(Collection entries)
....

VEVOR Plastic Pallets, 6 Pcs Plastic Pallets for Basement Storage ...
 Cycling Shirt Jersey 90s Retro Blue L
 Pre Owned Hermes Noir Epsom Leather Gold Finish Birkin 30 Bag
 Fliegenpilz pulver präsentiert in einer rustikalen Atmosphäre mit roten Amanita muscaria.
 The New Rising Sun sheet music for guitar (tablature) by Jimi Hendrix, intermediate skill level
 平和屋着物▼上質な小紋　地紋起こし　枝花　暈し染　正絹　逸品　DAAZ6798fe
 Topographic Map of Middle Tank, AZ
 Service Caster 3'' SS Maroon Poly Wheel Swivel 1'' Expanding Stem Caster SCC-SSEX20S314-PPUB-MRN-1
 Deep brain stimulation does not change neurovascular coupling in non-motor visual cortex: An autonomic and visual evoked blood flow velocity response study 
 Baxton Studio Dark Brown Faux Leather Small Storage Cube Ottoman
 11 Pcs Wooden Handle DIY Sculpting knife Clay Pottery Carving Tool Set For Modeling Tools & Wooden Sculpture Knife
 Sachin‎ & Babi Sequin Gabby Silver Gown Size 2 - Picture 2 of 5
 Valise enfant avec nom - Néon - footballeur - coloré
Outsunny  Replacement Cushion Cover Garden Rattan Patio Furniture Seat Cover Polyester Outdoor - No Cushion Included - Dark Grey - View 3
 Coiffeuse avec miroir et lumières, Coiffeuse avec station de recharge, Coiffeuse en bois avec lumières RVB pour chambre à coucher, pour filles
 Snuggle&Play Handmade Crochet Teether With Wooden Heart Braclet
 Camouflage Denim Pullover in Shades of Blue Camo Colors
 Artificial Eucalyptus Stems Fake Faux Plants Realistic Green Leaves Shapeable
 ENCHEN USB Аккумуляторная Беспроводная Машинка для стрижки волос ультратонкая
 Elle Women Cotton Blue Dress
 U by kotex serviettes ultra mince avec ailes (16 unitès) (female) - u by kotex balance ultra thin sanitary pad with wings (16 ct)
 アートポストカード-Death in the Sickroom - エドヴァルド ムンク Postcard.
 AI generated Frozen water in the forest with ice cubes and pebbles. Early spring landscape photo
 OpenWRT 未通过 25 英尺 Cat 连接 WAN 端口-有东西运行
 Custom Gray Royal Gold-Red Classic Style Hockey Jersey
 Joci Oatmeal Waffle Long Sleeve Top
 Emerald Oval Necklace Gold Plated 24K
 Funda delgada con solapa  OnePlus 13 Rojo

....

Task requirements:
All of the entries above need to be output again exactly.

Written answer:
VEVOR Plastic Pallets, 6 Pcs Plastic Pallets for Basement Storage ...
 Cycling Shirt Jersey 90s Retro Blue L
 Pre Owned Hermes Noir Epsom Leather Gold Finish Birkin 30 Bag
 Fliegenpilz pulver präsentiert in einer rustikalen Atmosphäre mit roten Amanita muscaria.
 The New Rising Sun sheet music for guitar (tablature) by Jimi Hendrix, intermediate skill level
 平和屋着物▼上質な小紋　地紋起こし　枝花　暈し染　正絹　逸品　DAAZ6798fe
 Topographic Map of Middle Tank, AZ
 Service Caster 3'' SS Maroon Poly Wheel Swivel 1'' Expanding Stem Caster SCC-SSEX20S314-PPUB-MRN-1
 Deep brain stimulation does not change neurovascular coupling in non-motor visual cortex: An autonomic and visual evoked blood flow velocity response study 
 Baxton Studio Dark Brown Faux Leather Small Storage Cube Ottoman
 11 Pcs Wooden Handle DIY Sculpting knife Clay Pottery Carving Tool Set For Modeling Tools & Wooden Sculpture Knife
 Sachin‎ & Babi Sequin Gabby Silver Gown Size 2 - Picture 2 of 5
 Valise enfant avec nom - Néon - footballeur - coloré
Outsunny  Replacement Cushion Cover Garden Rattan Patio Furniture Seat Cover Polyester Outdoor - No Cushion Included - Dark Grey - View 3
 Coiffeuse avec miroir et lumières, Coiffeuse avec station de recharge, Coiffeuse en bois avec lumières RVB pour chambre à coucher, pour filles
 Snuggle&Play Handmade Crochet Teether With Wooden Heart Braclet
 Camouflage Denim Pullover in Shades of Blue Camo Colors
 Artificial Eucalyptus Stems Fake Faux Plants Realistic Green Leaves Shapeable
 ENCHEN USB Аккумуляторная Беспроводная Машинка для стрижки волос ультратонкая
 Elle Women Cotton Blue Dress
 U by kotex serviettes ultra mince avec ailes (16 unitès) (female) - u by kotex balance ultra thin sanitary pad with wings (16 ct)
 アートポストカード-Death in the Sickroom - エドヴァルド ムンク Postcard.
 AI generated Frozen water in the forest with ice cubes and pebbles. Early spring landscape photo
 OpenWRT 未通过 25 英尺 Cat 连接 WAN 端口-有东西运行
 Custom Gray Royal Gold-Red Classic Style Hockey Jersey
 Joci Oatmeal Waffle Long Sleeve Top
 Emerald Oval Necklace Gold Plated 24K
 Funda delgada con solapa  OnePlus 13 Rojo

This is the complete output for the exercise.